▶ EXERCISE AIM
Please give the data again in full, exactly as provided.

[Excerpts from a dataset]
-----

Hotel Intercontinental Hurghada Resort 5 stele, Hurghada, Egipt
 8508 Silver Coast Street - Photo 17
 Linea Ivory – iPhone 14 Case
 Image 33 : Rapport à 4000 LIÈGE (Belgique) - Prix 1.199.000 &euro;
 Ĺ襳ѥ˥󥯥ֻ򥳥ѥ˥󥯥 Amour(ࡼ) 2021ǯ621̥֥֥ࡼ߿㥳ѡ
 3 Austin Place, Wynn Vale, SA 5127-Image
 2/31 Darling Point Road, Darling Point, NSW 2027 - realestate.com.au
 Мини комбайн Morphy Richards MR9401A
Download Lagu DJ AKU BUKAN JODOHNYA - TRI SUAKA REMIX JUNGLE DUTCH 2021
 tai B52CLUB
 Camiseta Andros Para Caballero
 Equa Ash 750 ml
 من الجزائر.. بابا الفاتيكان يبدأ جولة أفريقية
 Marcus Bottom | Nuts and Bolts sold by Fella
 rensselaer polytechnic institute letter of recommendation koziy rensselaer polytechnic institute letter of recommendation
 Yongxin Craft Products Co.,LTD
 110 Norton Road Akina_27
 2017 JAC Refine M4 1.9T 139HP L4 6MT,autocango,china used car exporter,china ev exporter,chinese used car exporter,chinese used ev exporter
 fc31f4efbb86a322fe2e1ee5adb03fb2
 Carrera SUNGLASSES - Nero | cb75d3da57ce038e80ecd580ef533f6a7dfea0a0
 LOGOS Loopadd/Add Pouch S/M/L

-----

▶ RESULT OF THE TASK
Hotel Intercontinental Hurghada Resort 5 stele, Hurghada, Egipt
 8508 Silver Coast Street - Photo 17
 Linea Ivory – iPhone 14 Case
 Image 33 : Rapport à 4000 LIÈGE (Belgique) - Prix 1.199.000 &euro;
 Ĺ襳ѥ˥󥯥ֻ򥳥ѥ˥󥯥 Amour(ࡼ) 2021ǯ621̥֥֥ࡼ߿㥳ѡ
 3 Austin Place, Wynn Vale, SA 5127-Image
 2/31 Darling Point Road, Darling Point, NSW 2027 - realestate.com.au
 Мини комбайн Morphy Richards MR9401A
Download Lagu DJ AKU BUKAN JODOHNYA - TRI SUAKA REMIX JUNGLE DUTCH 2021
 tai B52CLUB
 Camiseta Andros Para Caballero
 Equa Ash 750 ml
 من الجزائر.. بابا الفاتيكان يبدأ جولة أفريقية
 Marcus Bottom | Nuts and Bolts sold by Fella
 rensselaer polytechnic institute letter of recommendation koziy rensselaer polytechnic institute letter of recommendation
 Yongxin Craft Products Co.,LTD
 110 Norton Road Akina_27
 2017 JAC Refine M4 1.9T 139HP L4 6MT,autocango,china used car exporter,china ev exporter,chinese used car exporter,chinese used ev exporter
 fc31f4efbb86a322fe2e1ee5adb03fb2
 Carrera SUNGLASSES - Nero | cb75d3da57ce038e80ecd580ef533f6a7dfea0a0
 LOGOS Loopadd/Add Pouch S/M/L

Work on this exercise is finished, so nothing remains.